The study, titled “Effect of Marriage on Risk for Onset of Alcohol Use Disorder: A Longitudinal and Co-Relative Analysis in a Swedish National Sample,” suggests that marriage causally related to a significant reduction in risk for developing an alcohol use disorder.

Researchers said the study scientifically confirmed the common observation that alcoholism is bad for marriage and that marriage might help protect against alcoholism.

Kenneth Kendler, M.D., professor of psychiatry at VCU School o Medicine, is the lead author of the study.

“With this study, we were trying to determine if marriage influences individuals’ future risks for alcohol use disorders,” Dr. Kendleer said. “The answer is yes and actually quite profoundly.”

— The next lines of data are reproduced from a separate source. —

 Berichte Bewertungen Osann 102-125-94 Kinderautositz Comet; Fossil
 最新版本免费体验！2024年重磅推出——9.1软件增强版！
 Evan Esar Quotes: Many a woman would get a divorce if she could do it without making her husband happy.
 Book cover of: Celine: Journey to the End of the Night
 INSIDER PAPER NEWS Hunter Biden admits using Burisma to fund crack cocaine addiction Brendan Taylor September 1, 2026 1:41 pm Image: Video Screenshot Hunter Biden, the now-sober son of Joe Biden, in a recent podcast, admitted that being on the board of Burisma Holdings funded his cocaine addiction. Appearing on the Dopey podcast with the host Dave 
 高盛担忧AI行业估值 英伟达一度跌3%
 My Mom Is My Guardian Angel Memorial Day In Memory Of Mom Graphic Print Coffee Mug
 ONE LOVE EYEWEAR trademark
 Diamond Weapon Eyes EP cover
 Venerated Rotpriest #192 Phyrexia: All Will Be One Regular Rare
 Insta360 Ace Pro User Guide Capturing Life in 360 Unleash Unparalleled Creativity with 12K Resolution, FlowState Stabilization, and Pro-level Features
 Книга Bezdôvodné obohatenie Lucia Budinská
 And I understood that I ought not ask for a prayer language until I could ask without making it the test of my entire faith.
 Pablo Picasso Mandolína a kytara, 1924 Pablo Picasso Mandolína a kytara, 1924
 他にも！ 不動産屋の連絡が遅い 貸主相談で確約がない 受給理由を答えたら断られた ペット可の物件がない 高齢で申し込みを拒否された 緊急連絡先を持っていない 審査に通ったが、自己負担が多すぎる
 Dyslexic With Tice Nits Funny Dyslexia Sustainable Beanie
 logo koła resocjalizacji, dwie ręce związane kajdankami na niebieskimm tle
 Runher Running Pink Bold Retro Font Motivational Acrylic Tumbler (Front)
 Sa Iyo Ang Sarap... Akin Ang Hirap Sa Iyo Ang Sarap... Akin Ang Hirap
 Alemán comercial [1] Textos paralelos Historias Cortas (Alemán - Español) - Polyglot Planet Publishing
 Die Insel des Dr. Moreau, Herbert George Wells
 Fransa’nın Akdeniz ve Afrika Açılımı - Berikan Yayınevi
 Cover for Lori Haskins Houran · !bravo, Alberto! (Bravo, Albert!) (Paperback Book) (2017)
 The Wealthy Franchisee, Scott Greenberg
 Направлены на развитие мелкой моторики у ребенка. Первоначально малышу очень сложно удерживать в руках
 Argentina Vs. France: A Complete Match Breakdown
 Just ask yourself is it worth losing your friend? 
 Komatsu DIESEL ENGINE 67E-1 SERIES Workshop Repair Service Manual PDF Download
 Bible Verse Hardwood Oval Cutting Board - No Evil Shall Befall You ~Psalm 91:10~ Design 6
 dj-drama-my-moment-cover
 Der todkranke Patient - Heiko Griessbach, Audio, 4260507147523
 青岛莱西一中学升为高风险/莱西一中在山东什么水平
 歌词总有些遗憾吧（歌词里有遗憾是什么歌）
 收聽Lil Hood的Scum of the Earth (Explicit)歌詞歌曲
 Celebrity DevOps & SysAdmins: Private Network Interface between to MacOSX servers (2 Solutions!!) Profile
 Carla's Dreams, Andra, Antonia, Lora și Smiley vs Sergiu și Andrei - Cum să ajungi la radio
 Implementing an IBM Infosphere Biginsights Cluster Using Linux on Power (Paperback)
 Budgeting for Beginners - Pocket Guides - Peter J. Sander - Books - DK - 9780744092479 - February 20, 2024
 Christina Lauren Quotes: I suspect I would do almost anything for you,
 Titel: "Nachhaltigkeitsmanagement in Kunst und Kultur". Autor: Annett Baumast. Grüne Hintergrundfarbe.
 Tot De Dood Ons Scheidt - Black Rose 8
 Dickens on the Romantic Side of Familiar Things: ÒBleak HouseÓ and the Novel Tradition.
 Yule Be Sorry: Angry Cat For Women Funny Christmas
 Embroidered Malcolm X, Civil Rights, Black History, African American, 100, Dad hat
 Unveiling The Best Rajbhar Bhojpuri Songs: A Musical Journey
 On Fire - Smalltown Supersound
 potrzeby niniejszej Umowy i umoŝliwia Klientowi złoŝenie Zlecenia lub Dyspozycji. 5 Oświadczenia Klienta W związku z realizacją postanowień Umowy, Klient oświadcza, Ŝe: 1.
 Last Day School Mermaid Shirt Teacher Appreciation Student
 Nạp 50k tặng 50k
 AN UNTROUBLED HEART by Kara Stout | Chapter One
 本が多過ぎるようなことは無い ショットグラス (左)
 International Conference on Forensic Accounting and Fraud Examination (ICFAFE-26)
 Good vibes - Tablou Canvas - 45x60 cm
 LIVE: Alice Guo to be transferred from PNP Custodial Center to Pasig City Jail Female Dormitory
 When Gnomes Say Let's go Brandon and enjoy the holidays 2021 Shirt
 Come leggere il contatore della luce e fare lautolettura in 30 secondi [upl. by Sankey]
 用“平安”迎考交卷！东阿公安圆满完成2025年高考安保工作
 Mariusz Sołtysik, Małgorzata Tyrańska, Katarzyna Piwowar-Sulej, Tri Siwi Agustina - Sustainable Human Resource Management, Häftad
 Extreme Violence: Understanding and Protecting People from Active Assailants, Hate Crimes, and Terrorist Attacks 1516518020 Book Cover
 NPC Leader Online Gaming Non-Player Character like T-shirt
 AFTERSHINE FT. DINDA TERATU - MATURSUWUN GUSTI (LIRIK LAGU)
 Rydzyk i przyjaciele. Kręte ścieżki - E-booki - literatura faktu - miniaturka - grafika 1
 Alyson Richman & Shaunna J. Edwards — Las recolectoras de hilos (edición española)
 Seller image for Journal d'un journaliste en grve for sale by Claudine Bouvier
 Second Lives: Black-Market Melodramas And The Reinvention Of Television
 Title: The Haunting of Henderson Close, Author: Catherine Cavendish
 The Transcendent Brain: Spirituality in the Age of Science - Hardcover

According to the research, there was a 59 percent reduction in risks of alcoholism in males and 73 percent in females, who were in their first marriage.

“It is the person who is most vulnerable to risks of alcoholism from a genetic background who might be the most sensitive to protective effect of marriage,” Kendler said.

The study involved more than 3.2 million individuals born in Sweden between 1960 and 1990.  The people chosen were single at the beginning of the study and had no personal history of alcoholism.

The results of the study show that a person is at higher risk for alcoholism if their spouse is an alcoholic.

“While being married to a spouse who now or in the future stays free of alcohol problems is quite protective, marrying someone who now or in the future develops alcohol problems is in the opposite,” Kendler said.  “It is considerably worse than being single.”

The researchers are working on a follow-up study to examine how divorce impacts the development of alcoholism.